◆モロッコの占領に反対するサハラーウィへ繰り返される人権侵害

1991年の停戦以降をふりかえれば、サハラーウィの犠牲者は「初」ではない。
西サハラのモロッコ占領地では、モロッコの占領に異を唱えるサハラーウィが逮捕、監禁、拷問され、多数の死者、行方不明者が発生している。

西サハラ問題の解決は住民投票をもって決められると約束されていたはずだ。それでもモロッコは、西サハラの占領の既成事実を進め、占領地内に暮らすサハラーウィへの弾圧を続けている。1991年の停戦から30年が経つ。サハラーウィにとって、住民投票の実施を信じただ耐え続けるには、あまりにも長い。「いつまで我慢すればいいのか」「仲間が傷付けられているのに、私たちは耐えることしか許されないのか」など、サハラーウィからは我慢の限界に達した声が聞こえてくる。

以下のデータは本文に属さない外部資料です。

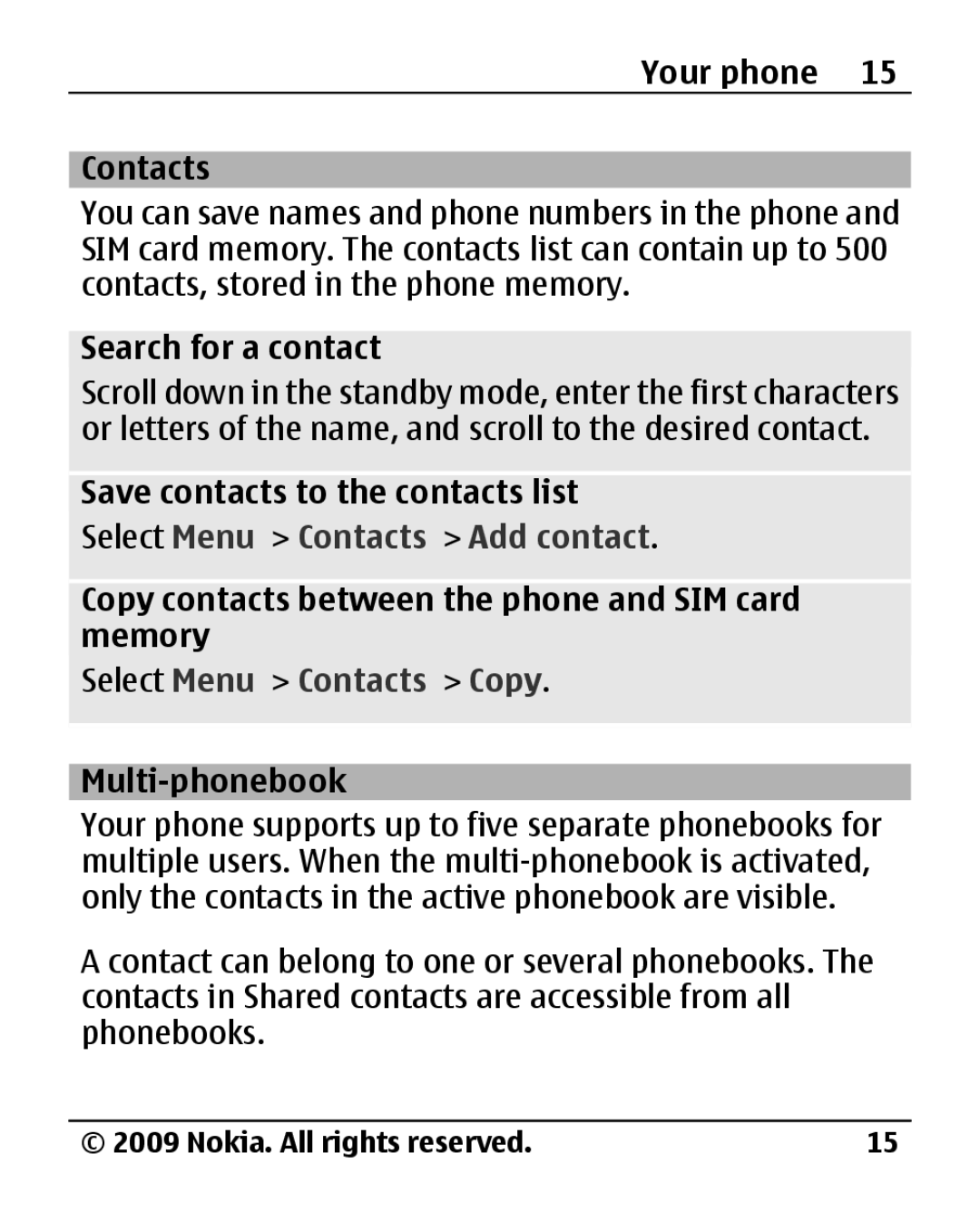 Nokia 1800 Your phone Contacts, Search for a contact, Copy contacts between the phone and SIM card memory, Multi-phonebook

2020年12月、アメリカのトランプ大統領は西サハラにおけるモロッコの主権を認める大統領宣言を発表した。大国独自の論理を前に、国連での約束はこのまま反故にされてしまうのだろうか。それでもサハラーウィは、じっと耐え続けなければならないのか。

日本は西サハラの資源輸入国である。私たちもまた、西サハラに関与する国のひとつとして、国連中心主義を再確認しながら、西サハラに関心を持ち、解決をともに考える責任があるはずだろう。